Consider two simple examples: Amazon and Stack Overflow. Both of these websites changed the way decisions were made based on bringing highly reliable information to the point of decision. The approach is different – simple ratings vs. stack ranking – but each generated incredible gravity for their site because of the power of aggregated, targeted, reliable information delivered right at the point of decision. Both applications rely on a powerful analytics layer.

Interestingly, the analytics delivered in these examples did not require advanced algorithms, neural networks or machine learning – but rather the answer to one question: “What information would give the user the best chance to make the right decision?”

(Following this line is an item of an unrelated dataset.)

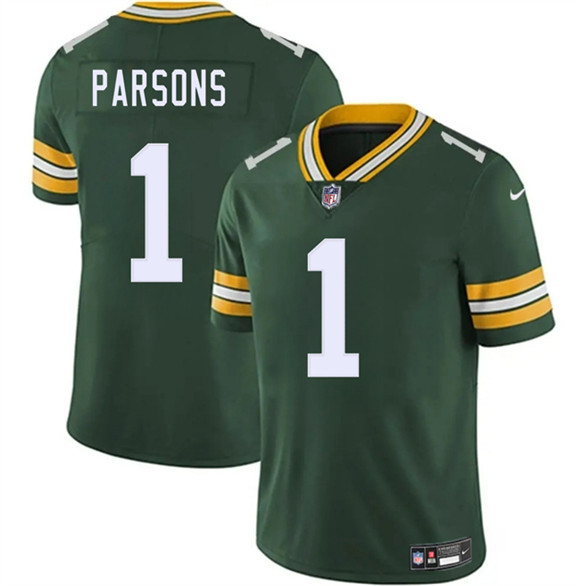 Green Bay Packers #1 Micah Parsons Green 2025 Vapor Untouchable Limited Football Stitched Jersey - Zenithce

Sometimes the answer to that question is extremely simple – a basic comparison, information about what other users decided, etc. In other cases, more sophisticated algorithms and statistical methods are required. But in all cases, the question needs to be asked. Having an Analytics Layer forces the question to be asked. When designing the Data Layer, the Data Architect asks what options need to be provided to the user. When designing the Analytics Layer, the Analytics Architect asks what intelligence gives the best chance for a successful choice. And when designing the UI Layer the UX architect asks how best to bring those two things together.

Vendors and platforms are touting data analytics products and tools, but until application architects begin to think in terms of an analytics layer the true potential of these techniques will remain largely untapped.